こうしたメディア側への要請は、「検閲」と取られても仕方ない。芸術家は記者・ジャーナリストと同様、国を問わず「表現の自由」を特に重視している。それなのにジャーナリスト側の「表現の自由」を一方的に縛るのは矛盾している。

しかも芸術監督はジャーナリストの津田大介氏である。ジャーナリストを芸術監督に迎えながら、報道を検閲するのはどういう感覚なのか。津田氏はトリエンナーレ事務のプレス対応を知っているのだろうか。

また、外国のメディアには日本語訳をつけて事前に見せろと言うのだろうか。事前提出を日本語メディアに対してだけ要求するなら、これも日本語メディアを差別していることになり問題だ。

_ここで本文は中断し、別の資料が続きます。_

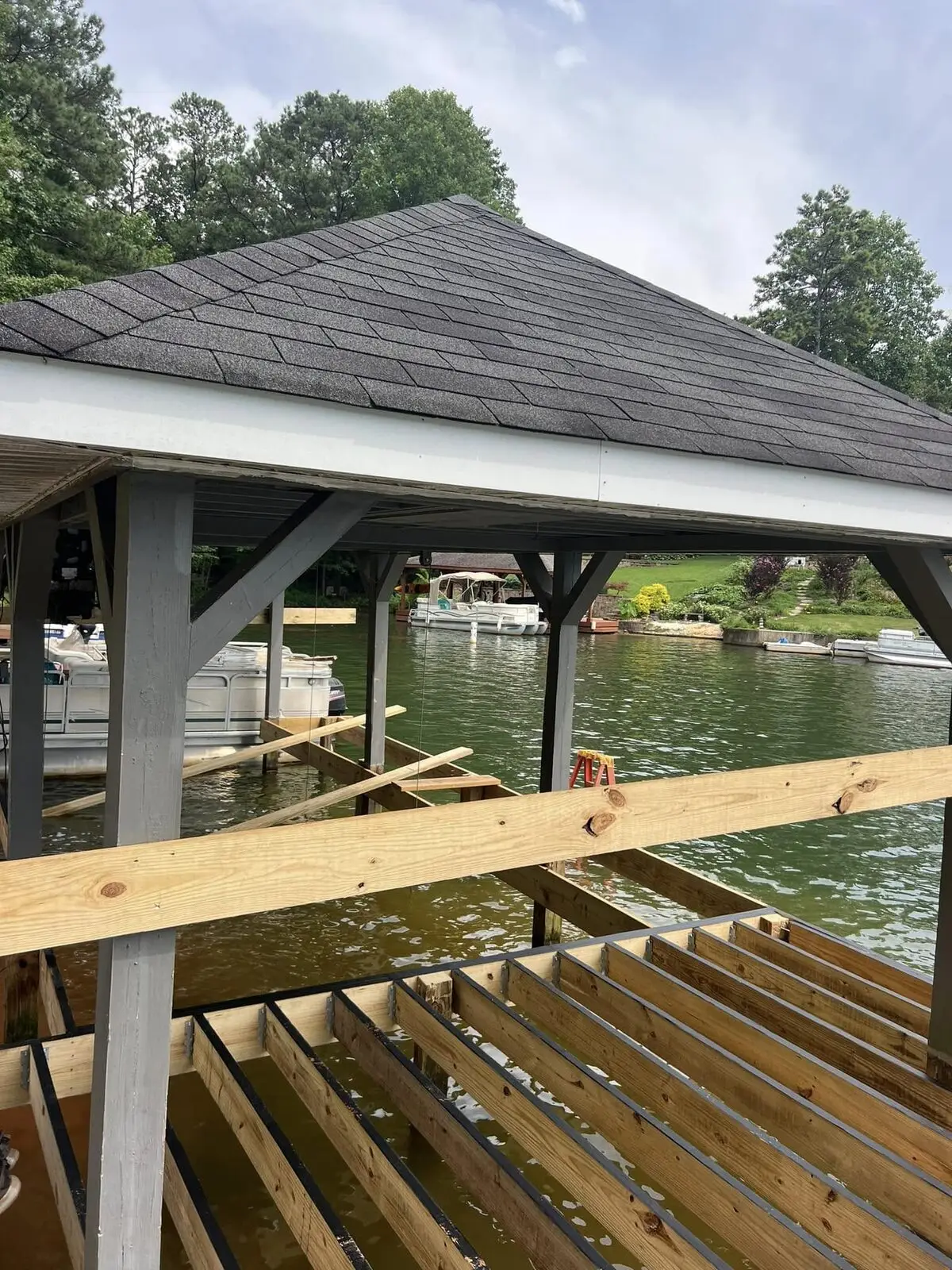 New pressure-treated dock joists set on galvanized hangers under a covered boathouse, lake beyond; tools and lumber staged on the deck, no crew member in frame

8月3日、「表現の不自由展・その後」の中止についての記者会見で津田氏は「表現の自由を後退させる事例をつくってしまった」と述べたが、報道を検閲しようとした時点で、あいちトリエンナーレの表現の自由はすでに後退していたのである。

8月5日、トリエンナーレのプレス担当に説明を求めて何度も電話したが、繋がらなかった。津田氏とトリエンナーレ実行委員会会長の大村秀章・愛知県知事にプレスを検閲する理由を尋ねたい。

筆者は環境問題以外に美術の分野でも、在住するフランスで展覧会や美術イベントを取材している。イギリスやドイツの展覧会に行くこともある。

これらの国で、美術館や美術イベントのプレス担当が事前に記事や映像の内容に口を出すことは絶対にない。また出た記事が辛口の批評であっても、それに対して文句が来ることはない。

芸術新潮編集部によると、「こうした要望はよくある。クレジットなど事実関係で不備があるといけないので、それは見せるが、内容に注文をつけられても応じない。事実関係の理解でこちらが間違っていれば直す」という。